People who supported the former Mitsui & Co. (1) Eiichi Shibusawa
The business that Mitsui family founder Takatoshi Mitsui began at Echigo-ya grew because it recruited and trained the best people. After the Meiji Restoration, as Mitsui rearranged itself into a modern company as a zaibatsu (business conglomerate) it produced many famous businessmen. This article introduces one of them: Eiichi Shibusawa.
Helping to establish many of the Mitsui-affiliated companies that still exist today
Eiichi Shibusawa was not essentially a "Mitsui person," but he established and directed several companies that were the predecessors of Mitsui-affiliated companies. He was a highly influential figure in his time, and considered one of the greatest contributors to Mitsui & Co. and the Mitsui Group.
Eiichi Shibusawa joined the Ministry of Finance in 1869, and after holding a number of important posts, he left the ministry after failing to agree with the ideas and opinions of other members. From there he began his career in the business world. At the same time, Kaoru Inoue, and the former Mitsui & Co.'s* first President, Takashi Masuda, also left the ministry. Eichi Shibusawa and Takashi Masuda were close partners, both personally and in business, and Masuda wrote the following words about Shibusawa in his autobiography: "Following the establishment of Mitsui Bussan Kaisha we would meet very often. In fact, there were very few days that I didn't see him," and "When I was thinking of launching a business, he was the first person I went to for advice."

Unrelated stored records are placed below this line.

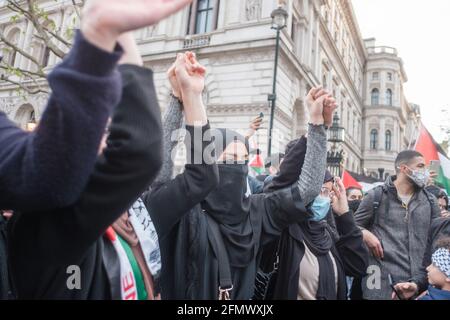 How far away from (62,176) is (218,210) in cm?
148

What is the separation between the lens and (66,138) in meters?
0.85

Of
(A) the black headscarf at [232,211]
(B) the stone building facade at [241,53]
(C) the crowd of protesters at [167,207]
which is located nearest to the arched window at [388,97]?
(B) the stone building facade at [241,53]

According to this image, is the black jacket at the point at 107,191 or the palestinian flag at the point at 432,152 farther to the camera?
the palestinian flag at the point at 432,152

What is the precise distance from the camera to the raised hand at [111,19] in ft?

Shibusawa joined forces with the Mitsui-gumi for the 1876 launch of Mitsui Bank (now Sumitomo Mitsui Banking Corporation), Japan's first private bank, and was later involved in the establishment of several other Mitsui-affiliated companies, including Oji Paper Co., Ltd., Nippon Paper Industries Co., Ltd., Denki Kagaku Kogyo K.K., Taiheiyo Cement Corporation, Sapporo Breweries Limited, Mitsui Sugar Co., Ltd., IHI Corporation, and many more (all current names).
He also had a strong passion for contributing to society. In 1876 he became secretary general (and later director) of the Tokyo-fu Yoikuin Orphanage, and was involved in the establishment of the Tokyo Benevolent Society, the Japan Red Cross Society and the Leprosy Prevention Association. In 1902 he became the first chairman of the St. Luke's International Hospital, and was the Japan representative of the YMCA Pacific Rim Liaison Conference. He also established the Japan International Goodwill Association for Children, and worked to strengthen international ties through the exchange of Japanese dolls and American dolls (blue-eyed dolls). As a result of such efforts, particularly his work in strengthening U.S.-Japan ties, he was nominated for a Nobel Peace Prize in 1926 and 1927.
In 1916 he wrote "Rongo (Analects of Confucius) and Soroban (abacus)" and developed 'a philosophy of the union of morality and economy.' Using Rongo as a foundation, he was an advocate of the idea that good ethics and business should be in harmony, and that the economy should be developed not for the enrichment of individuals but for the betterment of society as a whole.
* Legally speaking, there has been no continuation between the former Mitsui & Co. and the current Mitsui & Co.